To overcome discrimination in a society that used race to determined whether one could vote, buy a home, or be killed or raped with impunity, some black people attempted to pass for white. But this was a risky and tragic enterprise, a life of fear in being found out (possibly through the birth of a child that was a little “too” dark) and lifelong estrangement from friends, family, and home. Most of these folks claimed whiteness because of the power and privilege it offered, not because they believed themselves to be essentially white.
Rachel Dolezal’s seeming attempt at “reverse passing” comes with none of this historical baggage, duress, or danger. To put it simply, Rachel Dolezal was a con artist. She was raised with the advantages of being born white in America and can, at any time, return to that identity and privilege. Her lies about her heritage, history, family, and her reports of racial harassment aimed to intentionally and willfully deceive the people around her. In some photos, Dolezal appears to have even darkened her skin and donned wigs to mask her natural hair texture and color. This performance emphasizes hair and skin as definitive racial charateristics (which Dolezal, a woman who teaches black studies and freely quotes WEB DuBois, knows to be false).
Race is largely defined in terms of power. Dolezal occupied and dominated spaces ostensibly reserved for people who had life-long experiences of racial marginalization and disenfranchisement. And she needlessly fooled people who would have embraced her activism regardless of her racial identity (as numerous folks have pointed out, some of the NAACP’s founding members were white). Unlike those blacks who have attempted to “pass” in order to access the advantages of full citizenship in the United States, in this charade, Dolezal risked her reputation, not her life.
In some ways, it’s understandable that Dolezal might have wanted to distance herself from white identity. Whiteness in American society usurps and eroded ethnic, national, and cultural difference. In America, Irish, Jewish and Italian people became white over time, a process that subordinated their prior identities, loyalties, and cultural traditions. More than that, whiteness survived through brutal and bloody regulation and enforcement. And no doubt being born to parents who spent three years living in a teepee helped make cultural appropriation seem to Rachel a viable lifestyle choice.
But that doesn’t make her black. The term “transracial” comes from a larger context of transracial adoption, of people caring for children of different racial identities than their own. Inherent to the idea of transracial adoption is the question of how to build families across difference, not how to circumvent, ignore, or misrepresent it.
And transgender identity, too, is not about lying or deceiving people. Being a transgender person exposes the mutability of gender, it doesn’t exploit it. Being a transgender person is largely about escaping the social, physiological, and mental torture that comes with pretending to be the gender that society deems appropriate. Transgender identity is not about evading either subordination or privilege—as Janet Mock puts it, transitioning to a different gender helped her match her body to “the vision I had of myself”.

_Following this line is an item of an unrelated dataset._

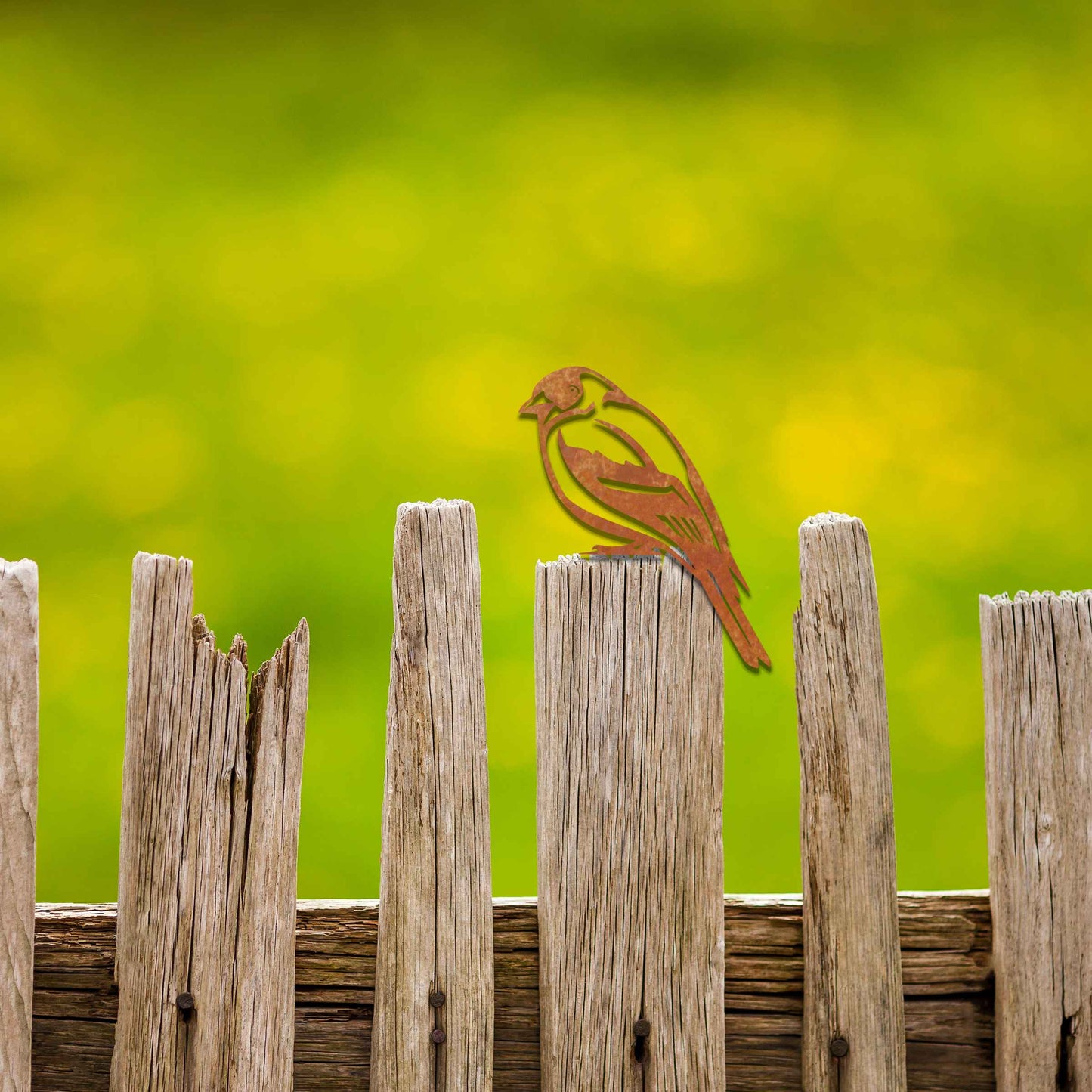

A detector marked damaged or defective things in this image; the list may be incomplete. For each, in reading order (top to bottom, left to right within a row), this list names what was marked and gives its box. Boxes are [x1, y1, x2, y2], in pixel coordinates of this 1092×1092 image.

rusty metal bird silhouette [520, 367, 771, 671]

To conflate trans folks with Dolezal gives credence to the deepest, most malicious lie there is about transgender identity and queer sexuality—that they are deceitful. Being a transgender person is not about misleading the world about your past, in terms of your lineage, upbringing, history, and experiences. It is not about denying who you once were and any advantages you may have had, personally and filtered down through generations. Increasingly, it seems this is exactly what Rachel Dolezal has done through untruths about her life and her experience.